Supplied records below:
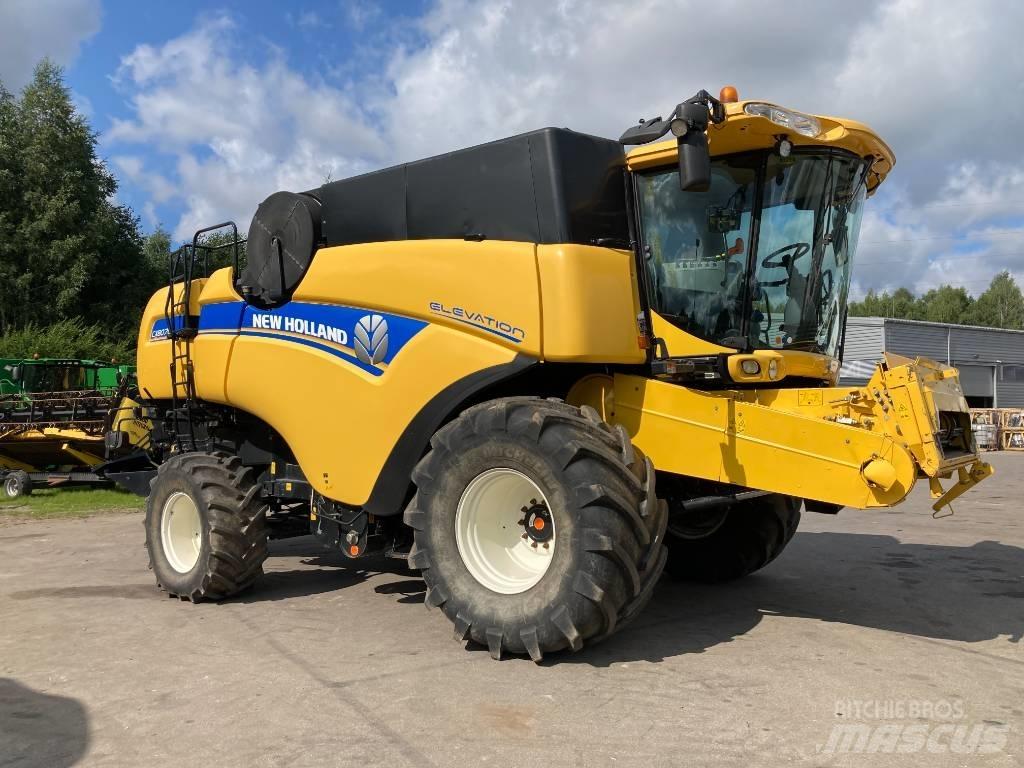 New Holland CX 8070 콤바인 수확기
End of Supplied records.
Supplied records below:
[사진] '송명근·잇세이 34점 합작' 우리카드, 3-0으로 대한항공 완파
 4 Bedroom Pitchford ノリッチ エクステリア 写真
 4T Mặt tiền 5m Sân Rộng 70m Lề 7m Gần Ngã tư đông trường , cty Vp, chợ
End of Supplied records.
## Exercise instructions
From the listing above, output exactly the run of lines that starts with the line containing "4 Bedroom Pitchford ノリッチ エクステリア 写真" and ends with the line containing "4T Mặt tiền".

## Written solution
 4 Bedroom Pitchford ノリッチ エクステリア 写真
 4T Mặt tiền 5m Sân Rộng 70m Lề 7m Gần Ngã tư đông trường , cty Vp, chợ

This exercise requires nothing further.